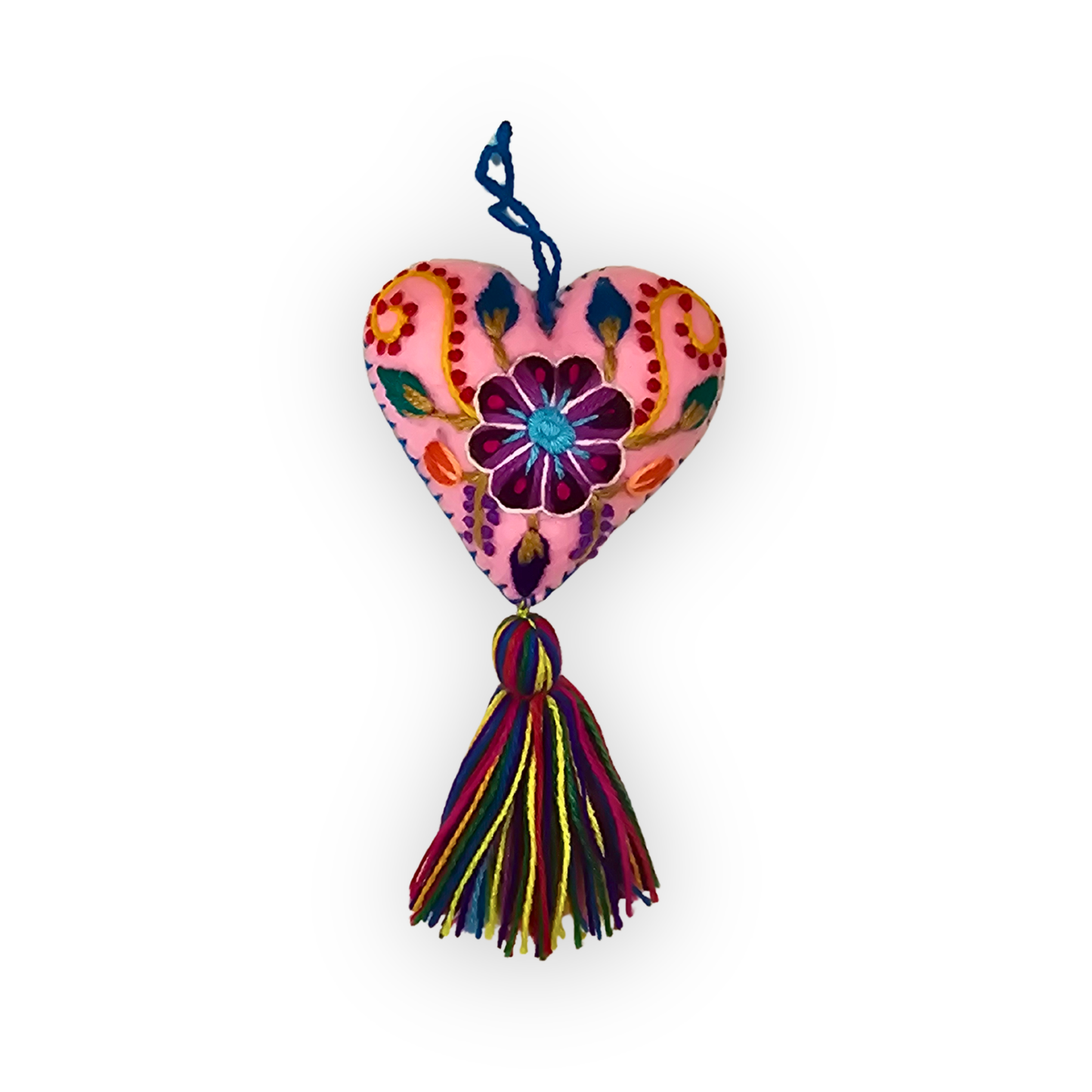 Hand-Embroidered Valentine Heart - One of a Kind🩵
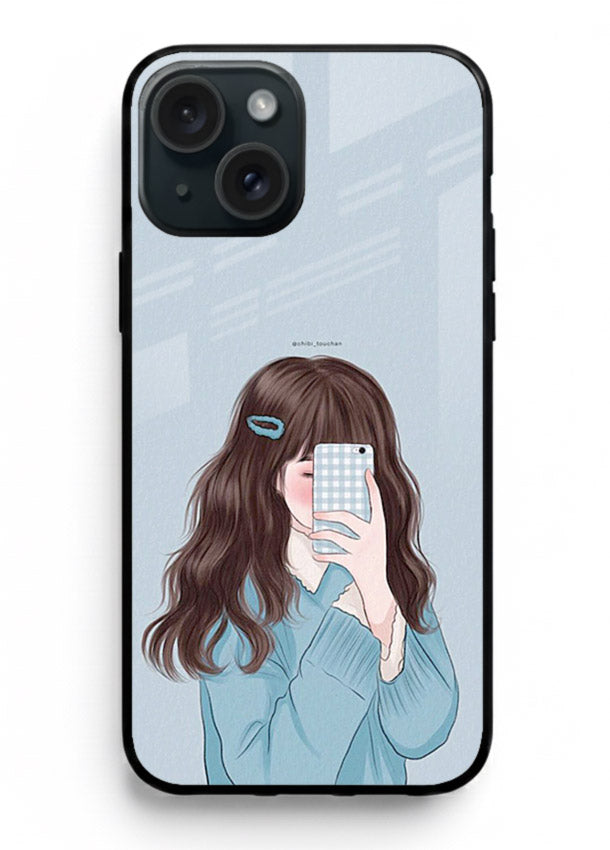 Girl Hiding Face moody illustration iphone 13 mini glass back cover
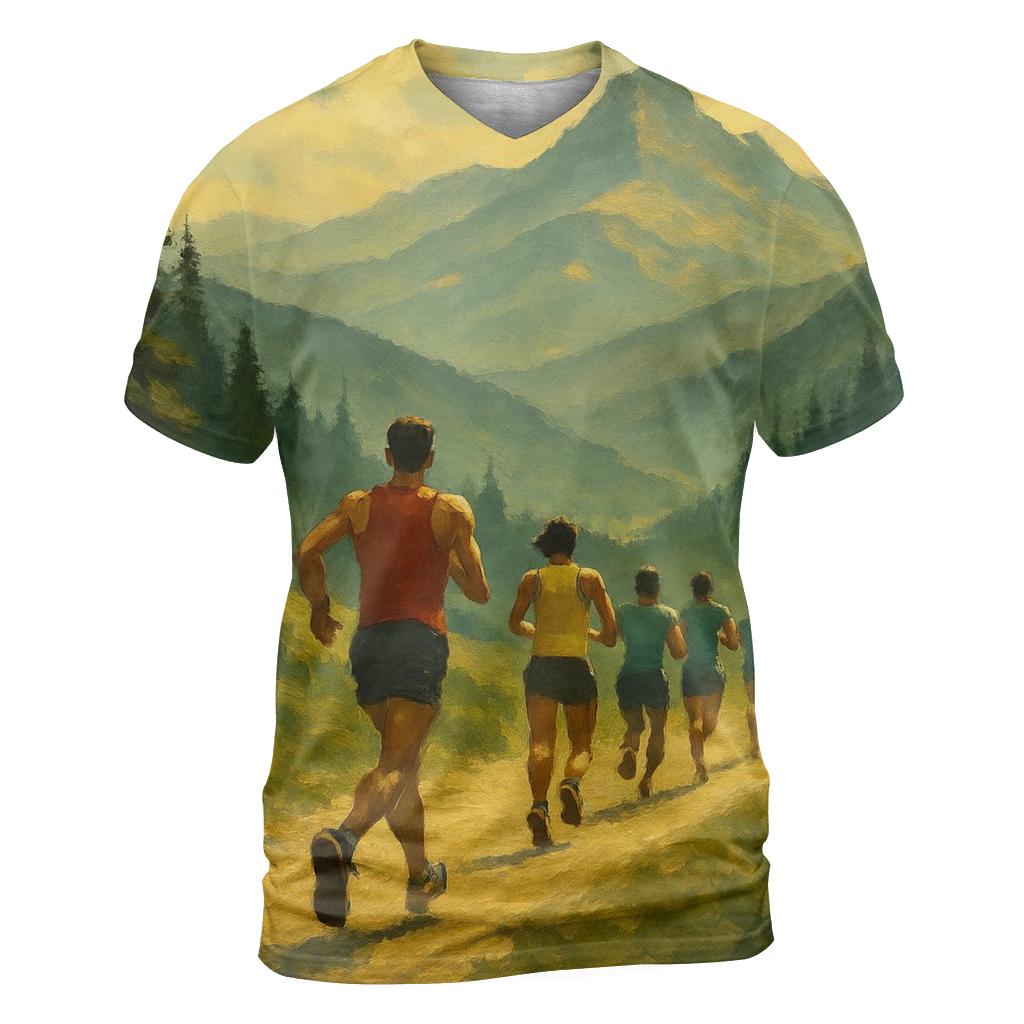 Mountain Trail Marathon vibrant all-over design tees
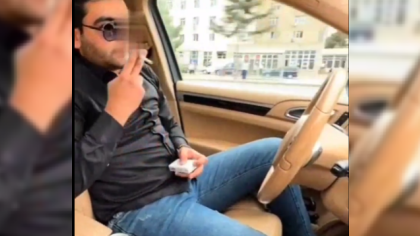 Əllərini sükandan çəkən "Porsche" sürücüsü tutuldu - VİDEO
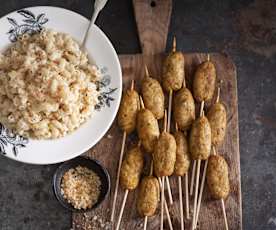 Massa cremosa de alho-francês e Koftas de frango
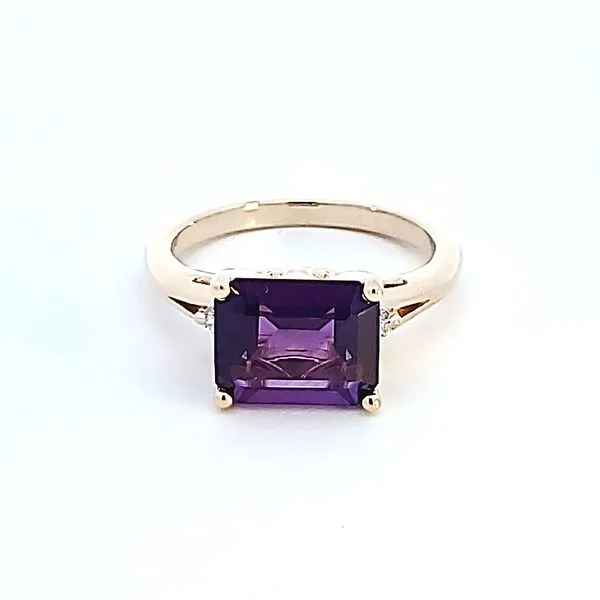 14KY Emerald Cut Amethyst Fashion Ring Image 2 Ross Elliott Jewelers Terre Haute, IN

= About this task =
Beginning with the line that contains "Massa cremosa de", write out the remaining lines of the listing above through the last, exactly and only those, without pictures.

= Solved problem =
 Massa cremosa de alho-francês e Koftas de frango
 14KY Emerald Cut Amethyst Fashion Ring Image 2 Ross Elliott Jewelers Terre Haute, IN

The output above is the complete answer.